The X-axis support shaft 501 is a support shaft which has its axis along X-direction which is a horizontal direction. Hereinafter, the axis direction of the X-axis support shaft 501 will be defined as X-direction. For example, the X-axis support shaft 501 may be fixed to a housing (not shown) of the analyzer 500. The X-axis support shaft 501 supports the illuminator 511, and supports the Z-axis support shaft 503 in such a manner that the Z-axis support shaft 503 is movable along its axis (X-direction). The X-axis support shaft 501 may have a built-in power source (such as a motor) that can move the Z-axis support shaft 503. In this embodiment, the X-axis support shaft 501 can be configured without having a power source that moves the illuminator 511. The X-axis support shaft 501 may be connected to the control unit 510 and may be configured to regulate the position (amount of movement) of the Z-axis support shaft 503, under the control of the control unit 510.
The Y-axis support shaft 502 and the Z-axis support shaft 503 may be configured substantially the same as the third embodiment. That is, the Y-axis support shaft 502 supports the stage 509 in such a manner that the stage 509 is movable along its axis (Y-direction), and the Z-axis support shaft 503 supports the dispensing unit 506 and the like in such a manner that the dispensing unit 506 and the like are movable along its axis (Z-direction). The Y-axis support shaft 502 and the Z-axis support shaft 503 may have respective built-in power sources which are configured so that their respective amounts of movement are controlled by the control unit 510.
The θ mechanism 504, the tilt mechanism 505, the dispensing unit 506, the dispensing nozzle 507 and the liquid surface sensing unit 508 may have substantially the same configurations as the first embodiment. That is, the θ mechanism 504 is configured to allow the tilt mechanism 505 and the like to move in circular motion, and the tilt mechanism 505 is configured to be capable of tilting the dispensing unit 506 and the like with respect to the vertical direction (Z-direction). The dispensing unit 506 is configured to support the dispensing nozzle 507, provide the dispensing nozzle 507 with a material to be dispensed under the control of the control unit 510, and allow the dispensing nozzle 507 to discharge the material.
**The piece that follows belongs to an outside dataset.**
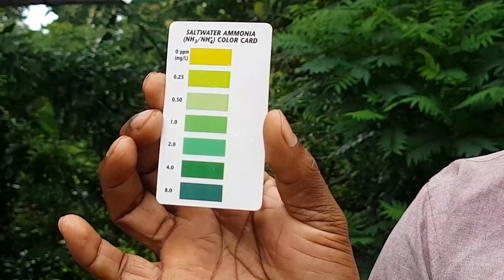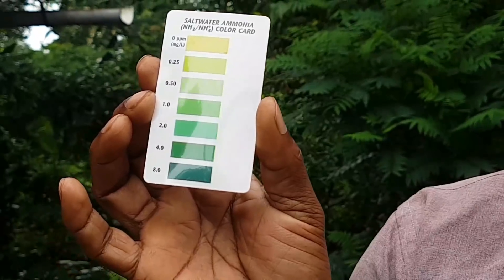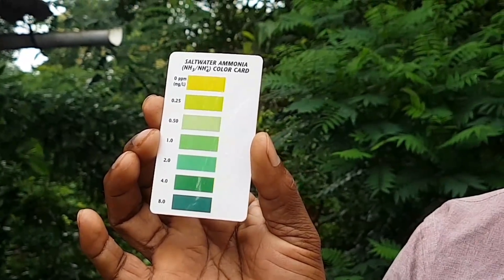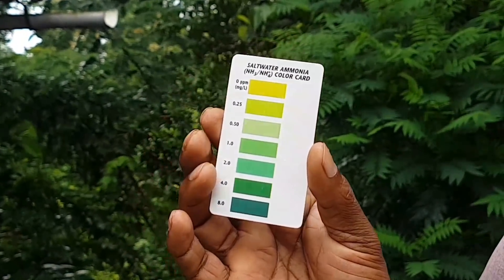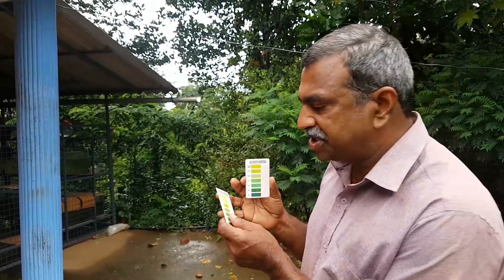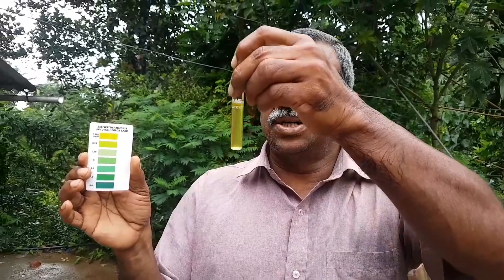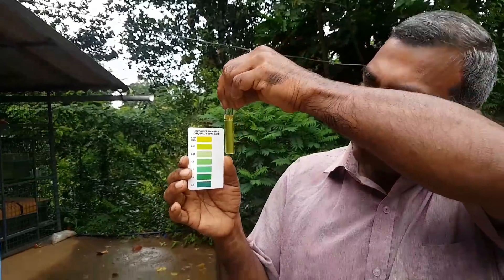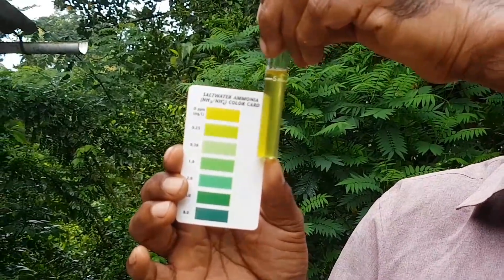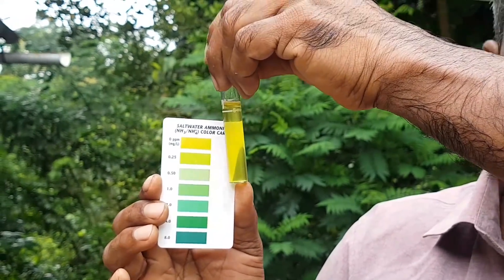This is zero ammonia — this is a good one for the pool. The pool will cover the pool. From the pool to the pool, the poll will be applied. Now, if you have any information, you can just add the poll. We put a new solution in the test tube. The test tube is zero ammonia.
The liquid surface sensing unit 508 is configured to detect a liquid surface of a liquid (material of the target) contained in the well W of the well plate P, and then notify it to the control unit 510.
The stage 509 has a stage surface which extends horizontally (in X-Y directions), and supports the well plate P placed on the stage surface. The stage 509 is supported by the Y-axis support shaft 502, and is configured to be movable, by the Y-axis support shaft 502, along the axis thereof (Y-direction). Further, the stage 509 may be provided with a configuration for maintaining a culture environment of the well plate P.
The control unit 510 may be an information processing unit incorporated in the analyzer 500, or may be an information processor provided independently of the analyzer 500. The control unit 510 is connected to at least the X-axis support shaft 501, the Y-axis support shaft 502, the Z-axis support shaft 503, the tilt mechanism 505 and the dispensing unit 506; and is configured to control them. Specifically, the control unit 510 may be configured to control the power sources each provided to the X-axis support shaft 501, the Y-axis support shaft 502, and the Z-axis support shaft 503, to regulate the amount of movement thereof. This regulates the position of the dispensing nozzle 507 with respect to the stage 509 in vertical (Z-direction) and horizontal directions (X-Y directions). Furthermore, in this embodiment, the control unit 510 may be configured to control the tilt mechanism 505, which may regulate the tilt angle of the dispensing nozzle 507 with respect to the vertical direction (Z-direction).
Further, the control unit 510 may be configured to control the supply timing and supply amount of the material to be dispensed which would be provided to the dispensing nozzle 507 from the dispensing unit 506, to thereby regulate the discharge amount and discharge timing of the material discharged by the dispensing nozzle 507. At this time, the control unit 510 may use the result of detection of the liquid surface, provided by the liquid surface sensing unit 508. In addition, the control unit 510 may be configured to control the θ mechanism 504 as necessary, which may regulate the position of the dispensing nozzle 507 with respect to the stage 509.
(Operation of Analyzer)
An operation of the analyzer 500 that has the above-described configuration will now be described. FIGS. 9A and 9B are schematic diagrams showing an operation of the analyzer 500.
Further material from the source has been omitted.